À la veille du coup d’envoi de la Coupe d’Afrique des nations 2025, une évidence s’impose : le Maroc ne joue plus seulement au football. Il joue une partition géopolitique, économique et symbolique, soigneusement écrite depuis plus d’une décennie. La CAN n’est pas un événement sportif parmi d’autres, mais le point culminant d’une stratégie d’influence assumée, pensée comme un tremplin vers le Mondial 2030.
Infrastructures ultramodernes, stades rénovés, centres de formation, réseaux de transport, dispositifs sécuritaires inédits : le royaume a mis le paquet. Près de 21 milliards de dirhams ont été investis pour la seule CAN 2025. À plus long terme, les projets liés à la CAN et à la Coupe du monde représentent 120 milliards d’euros, soit l’équivalent du PIB annuel moyen du Maroc sur cinq ans.
Résultat : le pays est aujourd’hui capable d’accueillir simultanément compétitions, équipes, diffuseurs et supporters du monde entier.

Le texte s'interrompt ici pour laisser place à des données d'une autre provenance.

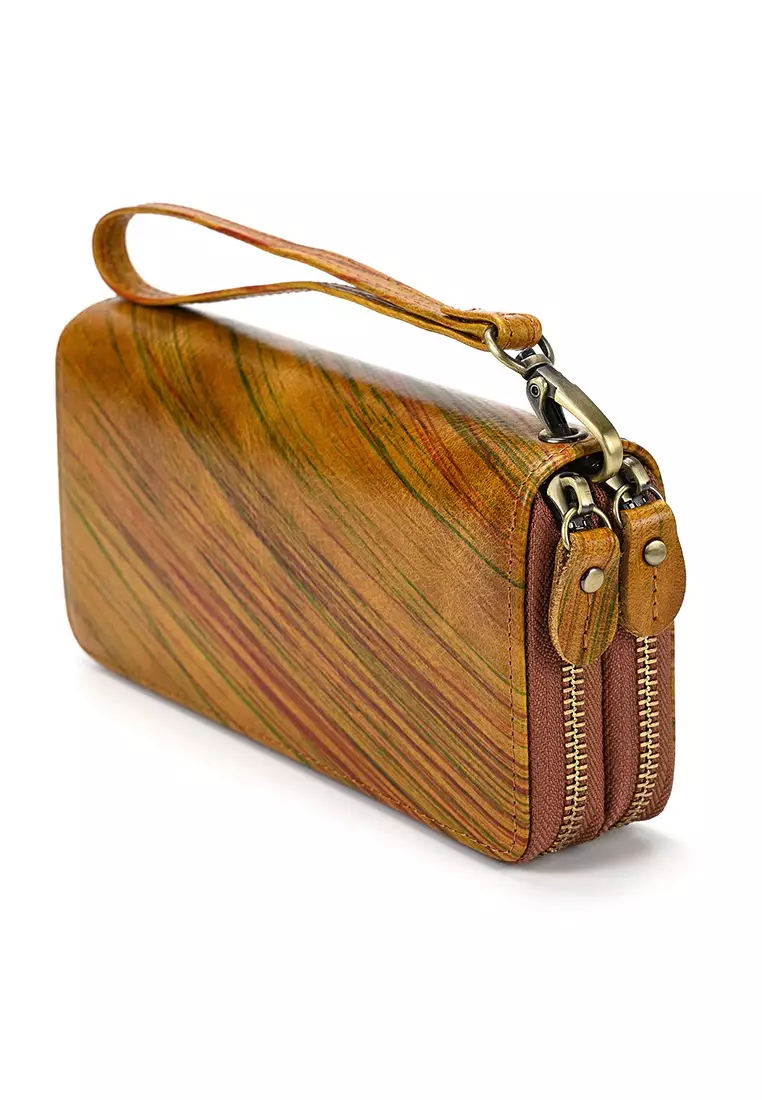 Wallet clutch outlet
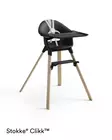 Stokke Clikk syöttötuoli - Syöttötuolit - 7040355520078 - 2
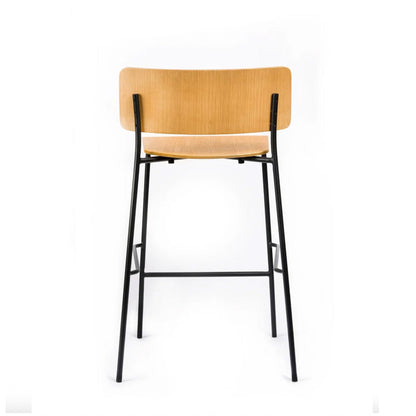 Milly Counter + Bar Stool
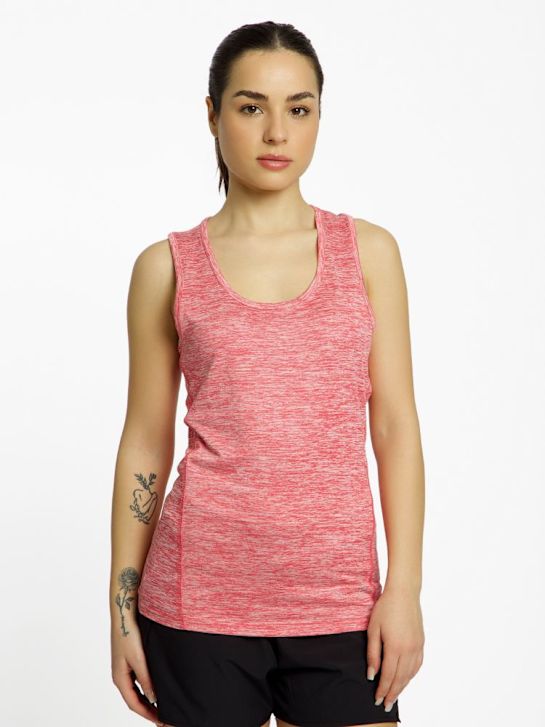 Vty Top pink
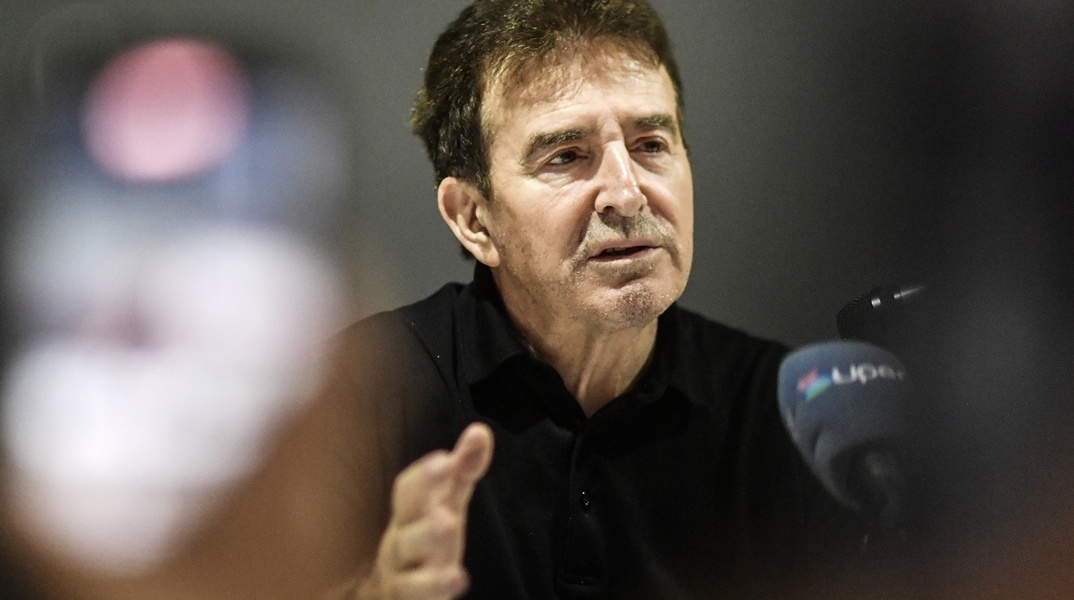 Μιχάλης Χρυσοχοΐδης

La présence de figures internationales du football et de la télévision, comme le réalisateur belge Jean-Charles Vankerkoven, en est un symbole discret mais révélateur : le Maroc est devenu une plateforme incontournable du football mondial.
Depuis son retour à l’Union africaine en 2017, Rabat utilise le ballon rond comme un outil diplomatique redoutablement efficace. La Fédération royale marocaine de football, dirigée par Fouzi Lekjaa, a signé 47 accords de coopération avec des fédérations africaines. Le Maroc a accueilli sur son sol les matchs de sélections privées d’infrastructures conformes, renforçant son image de partenaire fiable et solidaire.
Dans les instances, la montée en puissance est tout aussi nette : vice-présidence de la CAF, bureau régional de la FIFA près de Rabat, siège de la CAF à Marrakech, événements internationaux accueillis à l’Université Mohammed VI Polytechnique. Le message est clair : le centre de gravité du football africain se déplace vers l’ouest.
Cette stratégie serait vaine sans résultats sur le terrain. Or, le palmarès parle pour lui-même : demi-finale historique au Mondial 2022, trois titres en quatre éditions du CHAN, sacres continentaux en clubs, succès chez les jeunes et victoire récente en Coupe arabe. Le Maroc arrive à la CAN 2025 en favori assumé, porté par une génération qui a changé le regard de l’Afrique – et du monde – sur le football marocain.
Dans les rues de Rabat, Casablanca ou Marrakech, l’effervescence est totale. Drapeaux, maillots, klaxons, écrans neufs achetés pour l’occasion : le pays entier vit au rythme des Lions de l’Atlas. Ici, la CAN n’est pas une compétition, c’est un moment d’histoire.
Mais cette ascension fulgurante n’est pas exempte de critiques. Une partie de la jeunesse marocaine questionne les priorités budgétaires, dénonçant des investissements jugés excessifs face aux besoins en santé, éducation ou emploi. Le pouvoir le sait : pour que le pari soit pleinement gagné, la CAN devra profiter aussi aux Marocains, et pas seulement à l’image internationale du royaume.
La sécurité, l’organisation et l’adhésion populaire seront donc déterminantes. L’inauguration du Centre de coopération policière africaine à Salé, avec l’appui d’Interpol, illustre cette volonté de contrôle total et de maîtrise du récit.
Du 21 décembre au 18 janvier, les yeux de la planète football seront braqués sur le Maroc. La CAN 2025 est bien plus qu’un tournoi : c’est une répétition générale pour le Mondial 2030, que le royaume co-organisera avec l’Espagne et le Portugal.
Si la fête est réussie et si les Lions soulèvent le trophée à Rabat, le message sera limpide : le Maroc ne se contente plus d’accueillir les grands événements. Il entend les dominer, sur le terrain comme en dehors.